→ **Data provided**:

'''

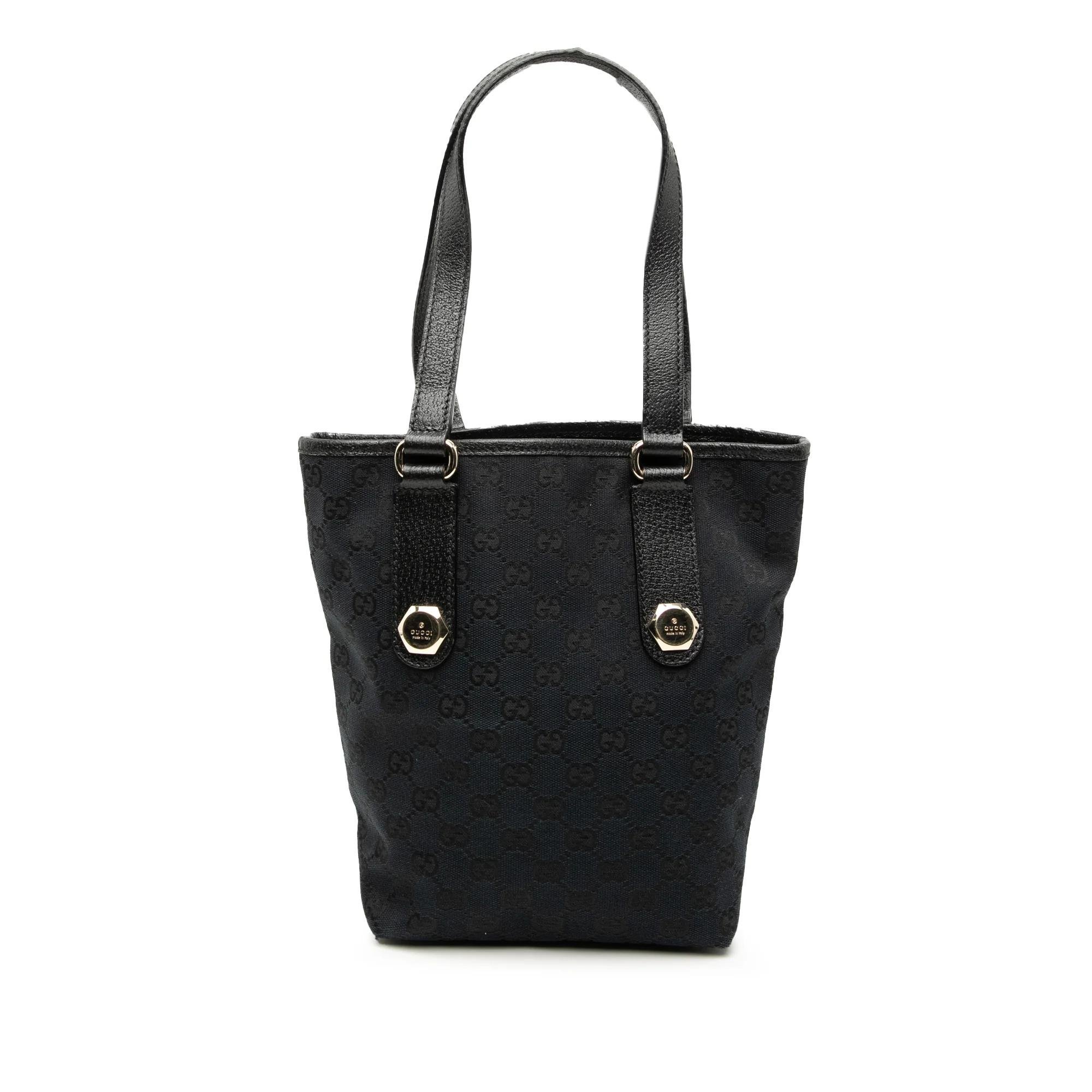 Charmy leather tote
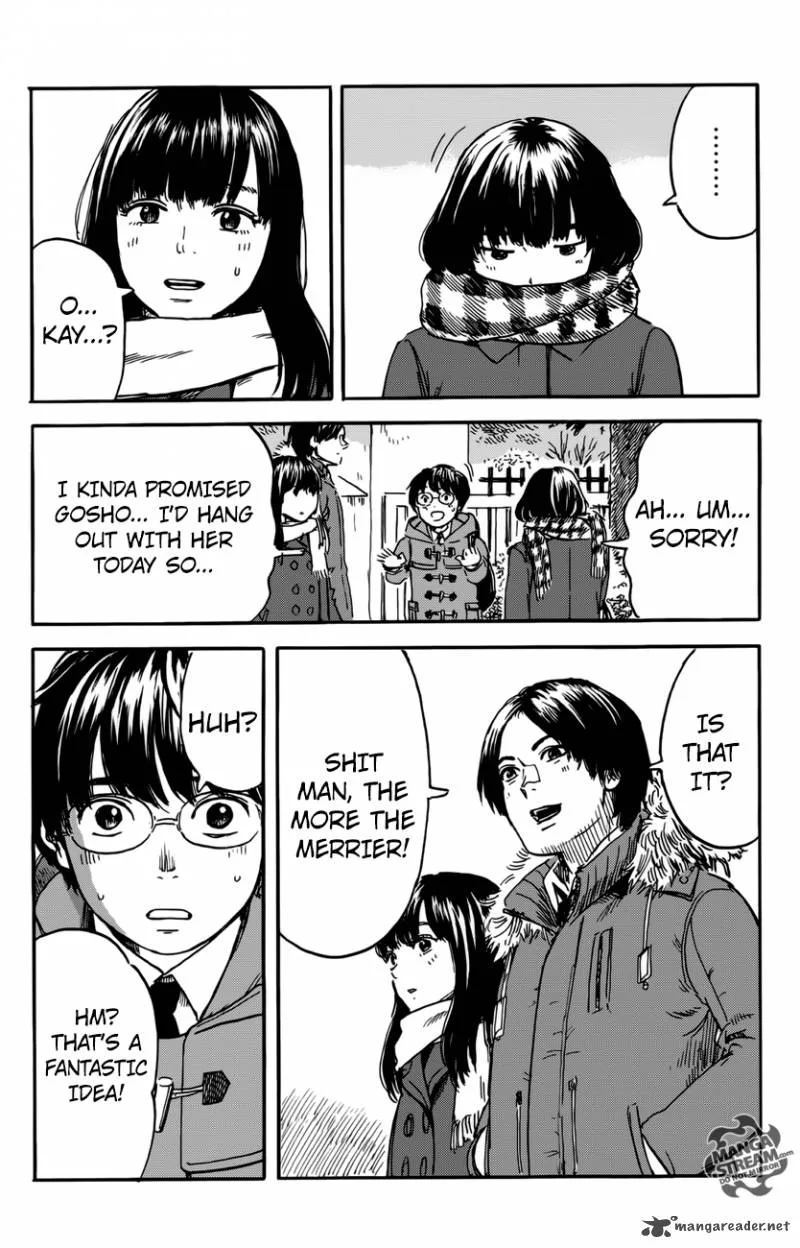 Happiness (OSHIMI Shuzo) Chapter 6 page 19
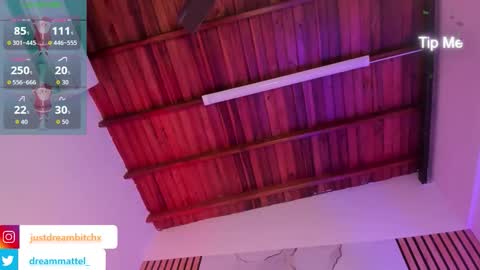 Dream Matell online show from November 9, 2025, 4:00 am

'''

→ **Work order**: Leave the pictures out and retype only the lines from the line with "Happiness (OSHIMI Shuzo) Chapter 6 page 19" through the final line of the material, both ends included, word for word.

→ **Answer section**:
 Happiness (OSHIMI Shuzo) Chapter 6 page 19
 Dream Matell online show from November 9, 2025, 4:00 am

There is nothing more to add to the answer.